Firstly, the constitutional stalemate has to be overcome, which requires a review of the composition of the Presidential Council and the promotion of certain principles, such as limiting the number of vice-presidents to two. Additionally, the presidential mandate should be set for a limited period of time. Furthermore, the fostering of more transparency in all political processes is a necessary step, as well as the creation of a National Planning Committee that will help overcome Libya’s demographic contradictions, and developing initiatives that help citizens engage in reconciliation efforts. In order to achieve these cornerstones however, additional elements are required, such as putting an end to the interference by others countries whose strategies are causing tensions in Libya, and finding a solution to political and military divisions and the way they are impeding the emergence of a strong army.

The UN can make the difference and create conditions for stability and peace. The track record of the United Nations Support Mission in Libya (UNSMIL) may be seen critically in Libya by some people, such as those that consider that it has neglected numerous political parties and individuals that represented various ranges of the Libyan society (i.e. many of the parties that had been given official licenses with the end of the rule of Gaddafi). Others also criticize the UN for not having sufficiently worked towards facilitating new elections from which new figures could have better represented the population’s will. Nonetheless Libyans are almost unanimous in saying that UNSMIL is the only institution that can really guarantee a solution for Libya; they just consider that the UN should develop adapted and more adequate strategies that accurately target key problems and include all actors in negotiations. The many positive reactions that followed the announcement of the appointment of new UN special envoy to Libya Ghassan Salame come here as an opportunity for the intergovernmental organization to capitalize on the progress that has been achieved up to now and to act in a way that will allow Libyans to finally see the light at the end of the tunnel.

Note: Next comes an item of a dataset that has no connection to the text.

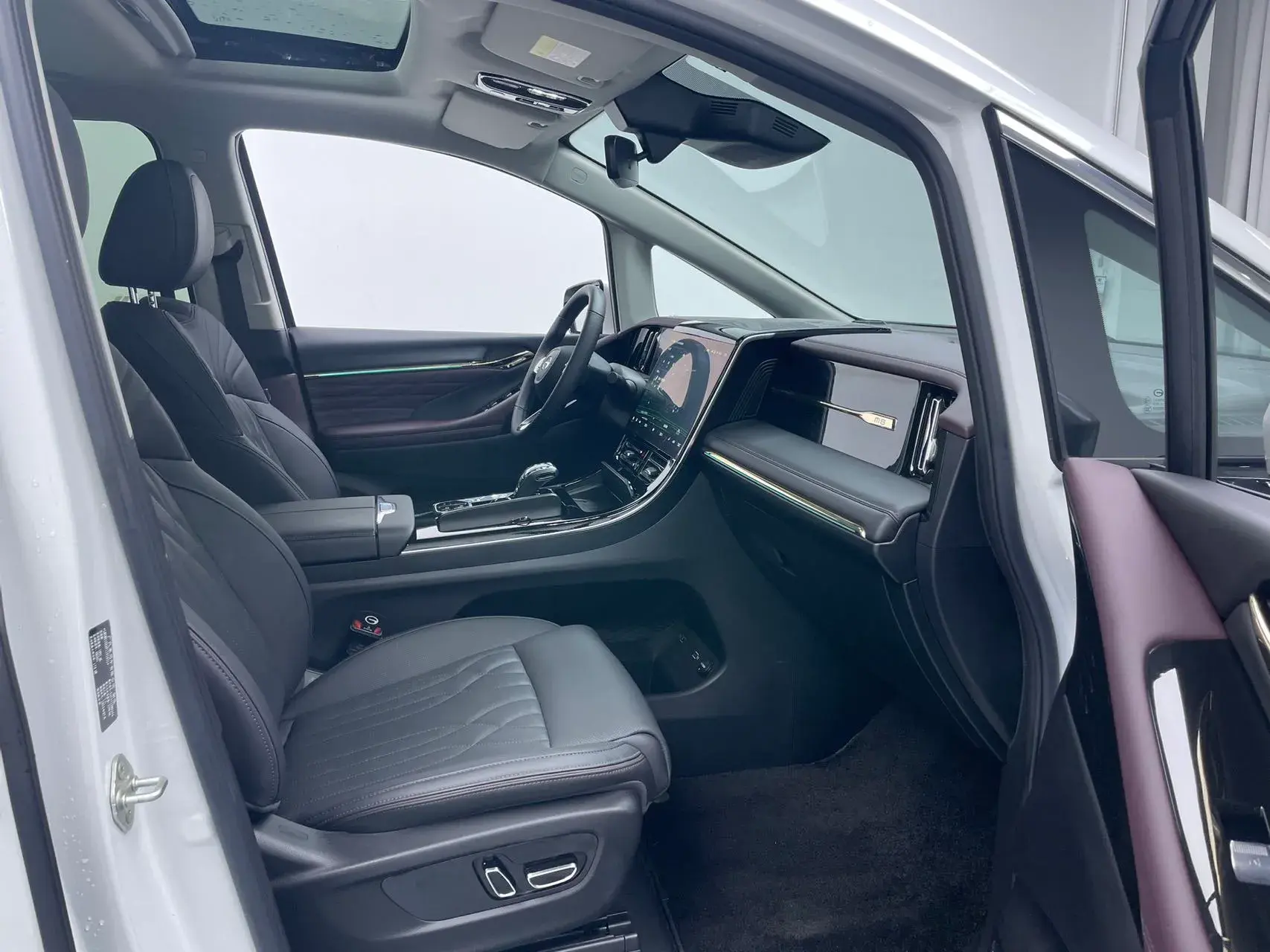 2023 GAC TRUMPCHI thumbnail 4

Solutions are possible in Libya. Some local initiatives have proved successful in contributing to stability and security in Libya. A recent example for this is the Mubadara 53 (Initiative 53), a plan that was launched in Tripoli and that reached a total of 53 Libyan towns and municipalities. The initiative, which encouraged municipal councils and important local actors to develop common initiatives meant to guarantee ceasefires and stability, proved successful. Some experts even consider the Mubadara 53 as a potential alternative to overcome the country’s political stalemate. But targeted and adequate international support is also seen as an important contribution to the sustained success of such initiatives.